### What to work on
Print exactly the line that contains "Celine Smooth Calfskin" along with every line beneath it to the end of the records below, and omit pictures.

### Items listed in a dataset
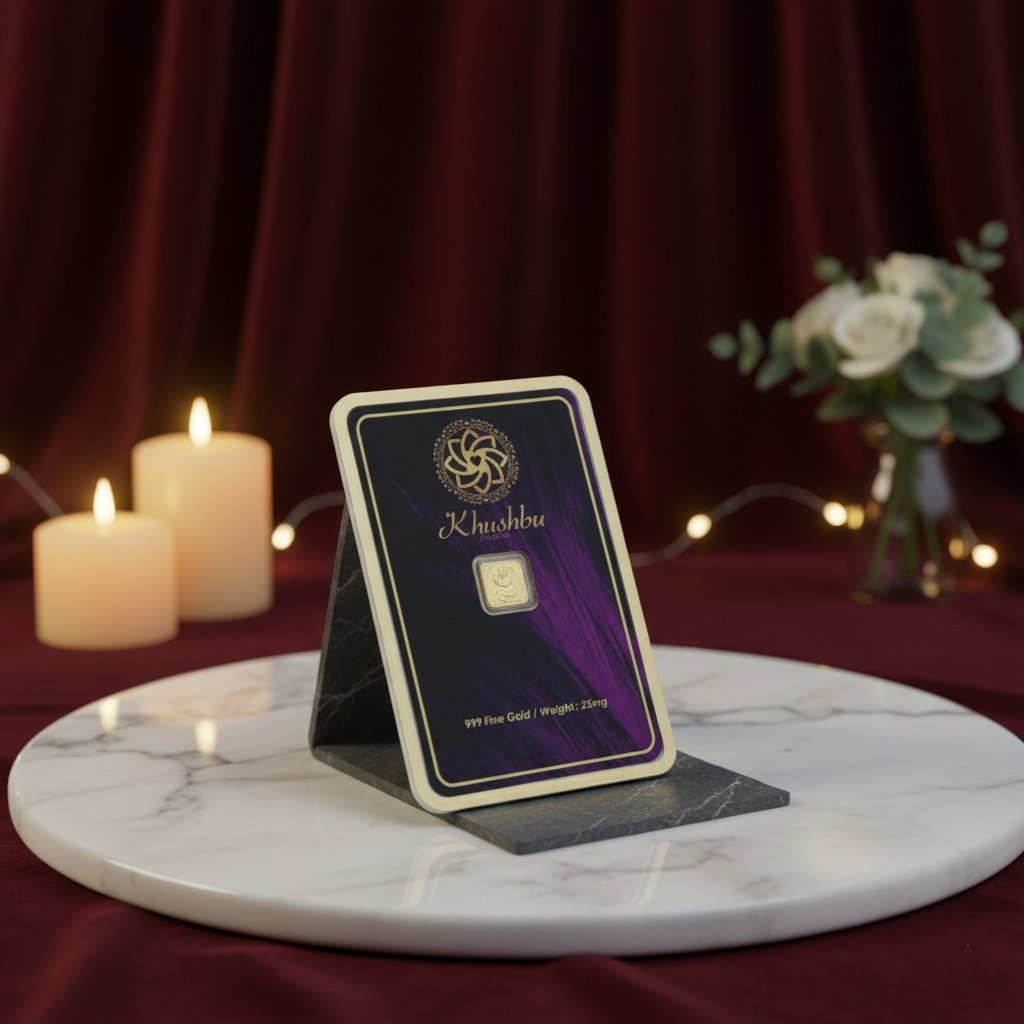 25mg Pure Gold Coin 999 Fine Gold khushbu jewellers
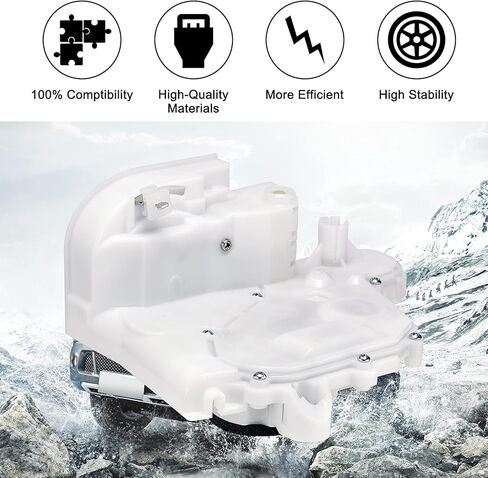 SYERAL Power Door Lock Actuator 72115-S5A-003 72115-S84-A01 Front Right Passenger Side Door Latch Compatible with Honda 1998-2002 Accord, 2001-2005 Civic, 2002-2006 CR-V, 2000-2006 Insight in Saudi Arabia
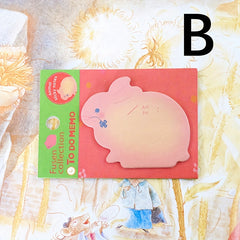 Animal Shape Sticky Notes Tearable Stick On Memo Book 1pc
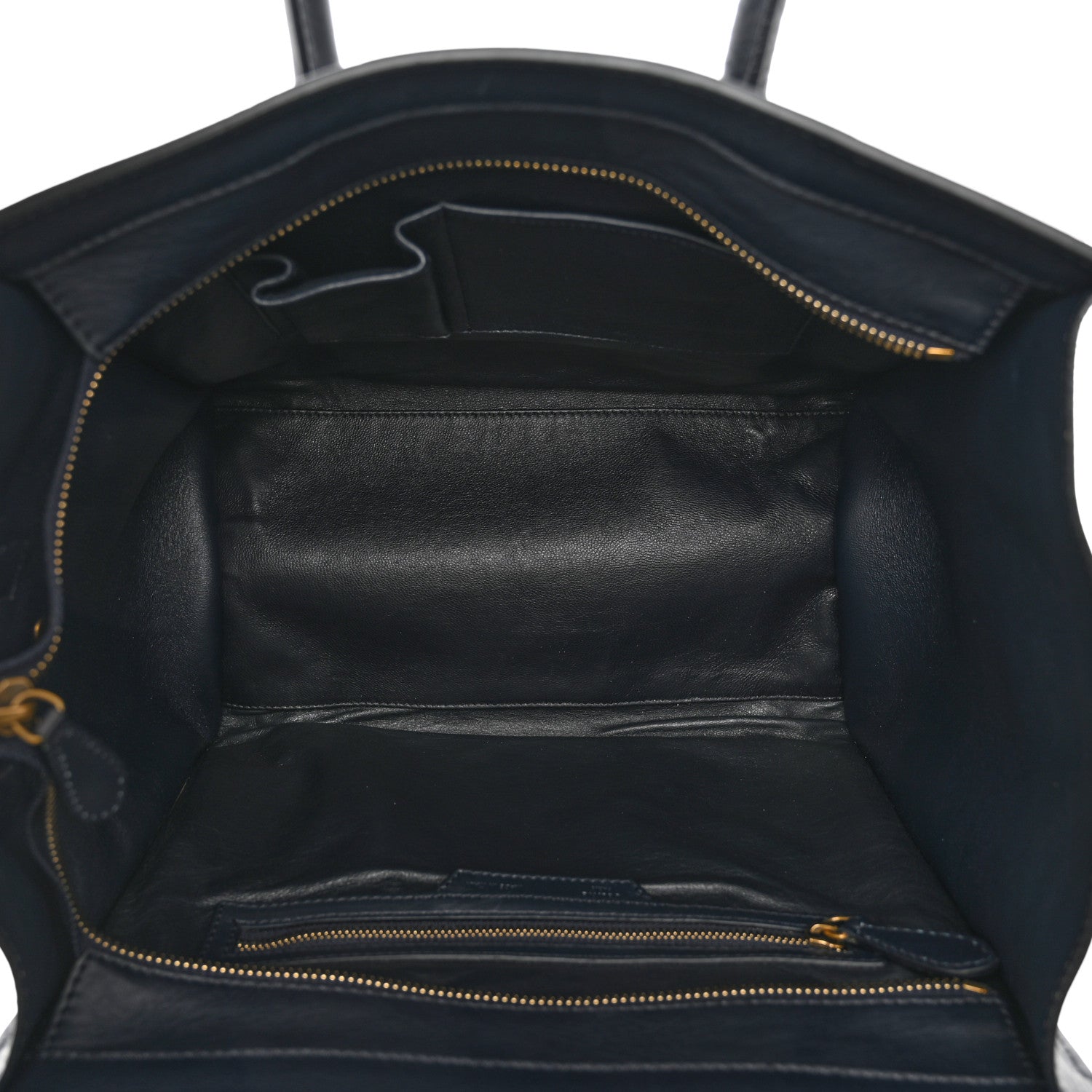 Celine Smooth Calfskin Mini Luggage Navy Blue 5 of 8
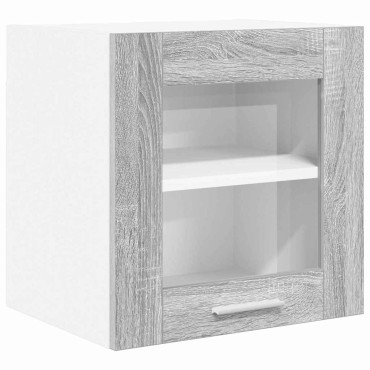 vidaXL Κρεμαστό ντουλάπι Γκρίζο Σονομα 40x31x40cm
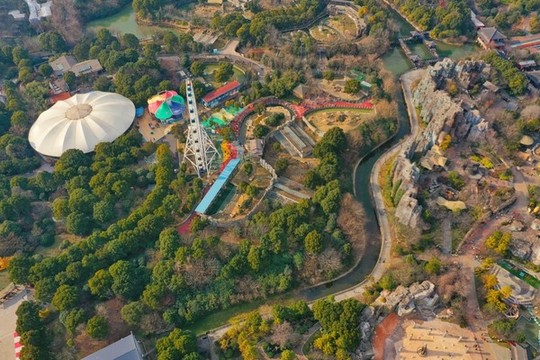 航拍淹城春秋樂園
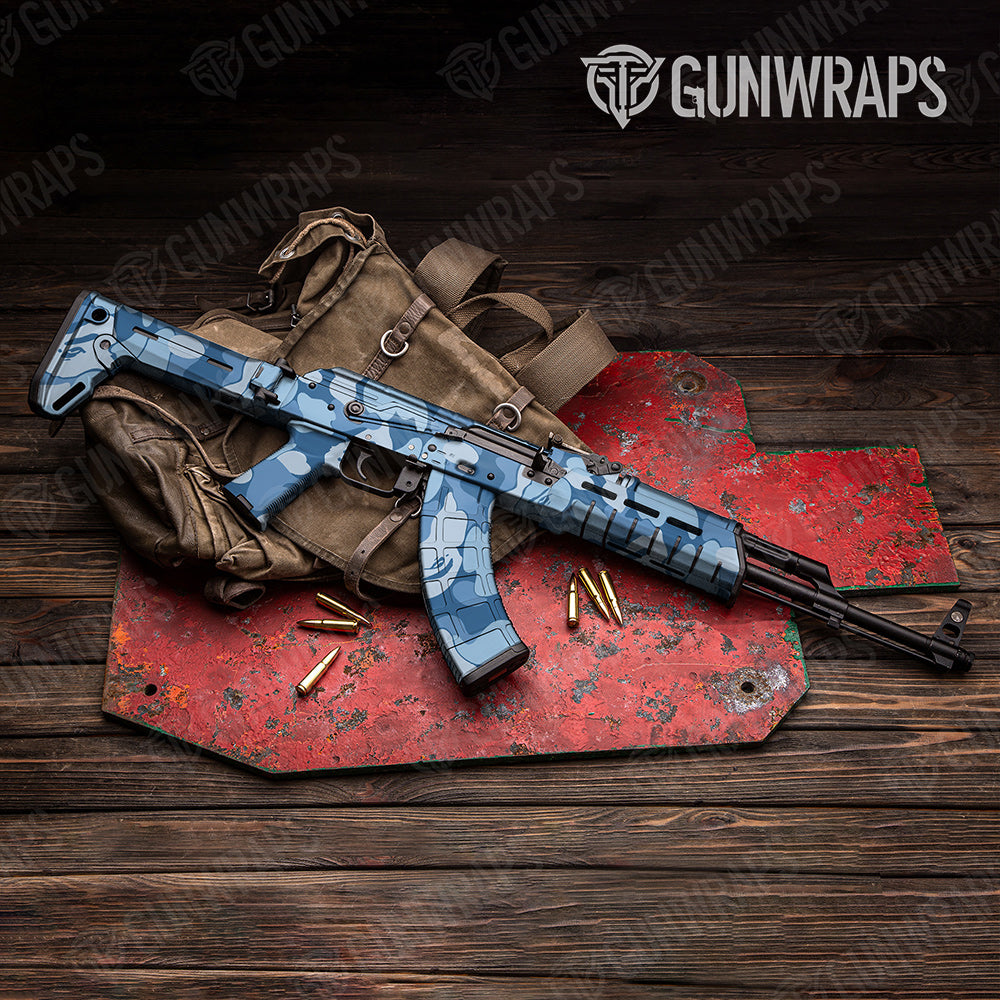 Bape Cool Blue AK-47 Gun Skin Vinyl Wraps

### Output
 Celine Smooth Calfskin Mini Luggage Navy Blue 5 of 8
 vidaXL Κρεμαστό ντουλάπι Γκρίζο Σονομα 40x31x40cm
 航拍淹城春秋樂園
 Bape Cool Blue AK-47 Gun Skin Vinyl Wraps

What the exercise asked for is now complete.